Output only the span of lines that begins at the line containing "Horror Glove Christmas" and ends at the last line of the data, both included, exactly as they appear.

[Recorded data]
• • • • • • •
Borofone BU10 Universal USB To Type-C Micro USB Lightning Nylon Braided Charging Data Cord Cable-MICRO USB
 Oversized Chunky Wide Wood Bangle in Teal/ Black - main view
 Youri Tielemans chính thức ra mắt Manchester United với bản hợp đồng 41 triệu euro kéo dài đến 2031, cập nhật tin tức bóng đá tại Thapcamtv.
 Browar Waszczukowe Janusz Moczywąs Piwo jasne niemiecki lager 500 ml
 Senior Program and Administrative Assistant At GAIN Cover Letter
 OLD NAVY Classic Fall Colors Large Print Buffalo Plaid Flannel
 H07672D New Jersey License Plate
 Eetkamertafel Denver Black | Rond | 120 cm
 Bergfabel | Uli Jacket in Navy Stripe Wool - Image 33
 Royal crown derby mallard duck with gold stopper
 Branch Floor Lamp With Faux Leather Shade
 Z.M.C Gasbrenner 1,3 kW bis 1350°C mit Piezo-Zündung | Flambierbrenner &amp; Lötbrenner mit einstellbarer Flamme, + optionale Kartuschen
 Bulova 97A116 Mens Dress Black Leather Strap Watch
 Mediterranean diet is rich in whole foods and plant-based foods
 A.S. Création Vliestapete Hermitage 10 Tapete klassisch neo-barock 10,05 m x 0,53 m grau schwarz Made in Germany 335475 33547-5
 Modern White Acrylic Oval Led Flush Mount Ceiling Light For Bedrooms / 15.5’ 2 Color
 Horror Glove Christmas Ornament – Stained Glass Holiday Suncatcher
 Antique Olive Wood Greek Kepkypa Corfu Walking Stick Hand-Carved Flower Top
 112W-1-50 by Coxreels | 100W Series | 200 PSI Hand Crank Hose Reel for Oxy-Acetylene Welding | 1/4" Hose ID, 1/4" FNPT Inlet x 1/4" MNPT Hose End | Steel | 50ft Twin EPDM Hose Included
• • • • • • •
## EXERCISE SOLUTION
 Horror Glove Christmas Ornament – Stained Glass Holiday Suncatcher
 Antique Olive Wood Greek Kepkypa Corfu Walking Stick Hand-Carved Flower Top
 112W-1-50 by Coxreels | 100W Series | 200 PSI Hand Crank Hose Reel for Oxy-Acetylene Welding | 1/4" Hose ID, 1/4" FNPT Inlet x 1/4" MNPT Hose End | Steel | 50ft Twin EPDM Hose Included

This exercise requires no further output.